Youth mediation training offered by RÉSAL

As part of the development of the community of practice of the Réseau d’échange et de soutien aux actions locales (RÉSAL), of which the ICPC is a member and coordinator, a second training of the 2nd thematic cycle of the activities was held last May 18. This training aimed at introducing the concept of mediation and provided an opportunity for participants to become familiar with various theoretical and practical tools in order to facilitate the process.   

The activity was carried out by Maxime Bonneau, clinical coordinator and trainer for PACT de rue, Déborah Griot, project coordinator, and Myriam, street worker with PACT de rue, a community organization member of RÉSAL that acts directly with youth and people in difficulty.  

In addition, a clinical supervision activity following this second cycle thematic training took place on June 1st. This first clinical space allowed participants to recall the main components of the mediation process, the prerequisites for its implementation as well as the main communication techniques that were discussed during the training and to apply them in real-life situations. The second clinical supervision activity will be held on June 22.   
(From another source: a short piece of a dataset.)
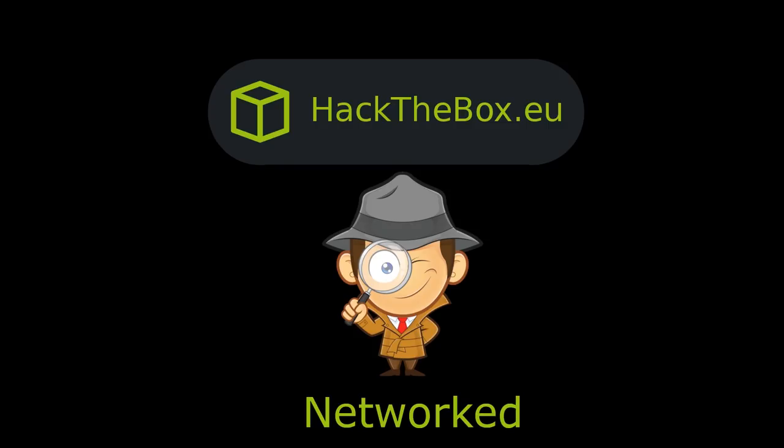What's going on YouTube? This is IPsec, and we're going to be doing Networked from Hack the Box. First off, I'm just getting over a cold, so I may sound congested.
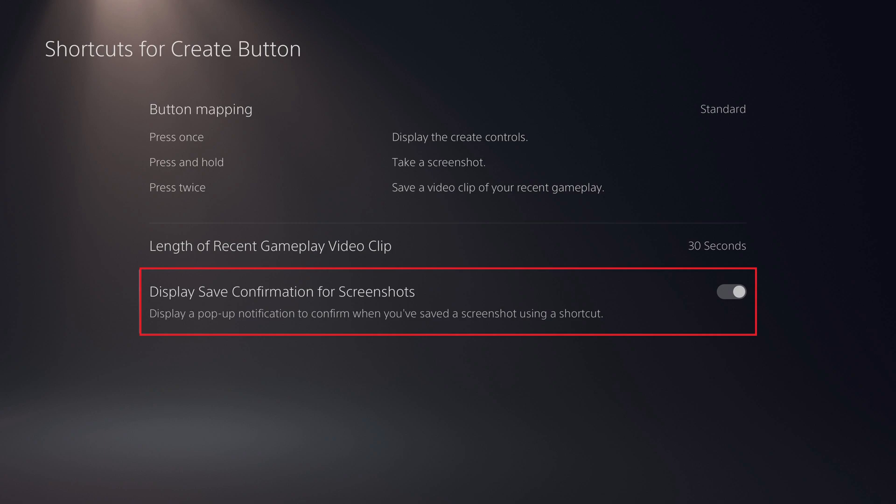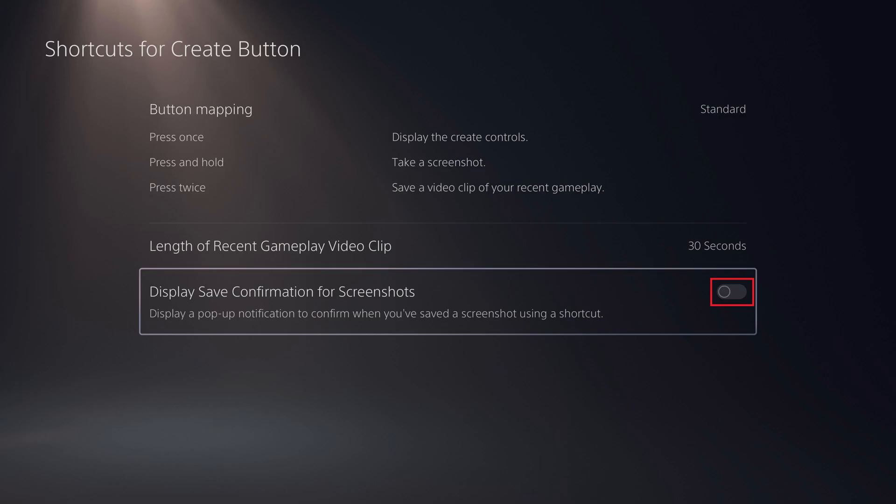Step 4. Click to toggle off Display Save Confirmation for Screenshots. You'll no longer see a screenshot confirmation pop up on your screen when you take a screenshot on your PlayStation 5.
Some of the highlights from the training included:  

  • The importance of differentiating between the concepts of mediation, conciliation, and arbitration, as well as choosing the most appropriate option for each context. The process, the purpose and the roles of each party will differ depending on the option considered and the issue to be addressed.   
  • Mediation is a communicative process, in which the parties have an active and central role. The purpose of the mediation process is not necessarily linked to reaching an agreement or a decision, but rather will be discussed in the course of the exchange between the parties.   
  • The person taking on the role of mediator must be impartial, a good listener and act as a facilitator to encourage the parties’ introspection.   
  • Several communication techniques such as active listening, mirroring or positive reinforcement can be used.   
  • The mediation process, which itself is divided into several more or less flexible stages, benefits from preparatory meetings with each of the parties, allowing them to be informed about the process, to validate their informed consent and to be prepared for the various eventualities.   

So far, the activities of this second thematic cycle “Mediation with youth” have reached 25 workers from Montreal community organizations working in the prevention of youth violence.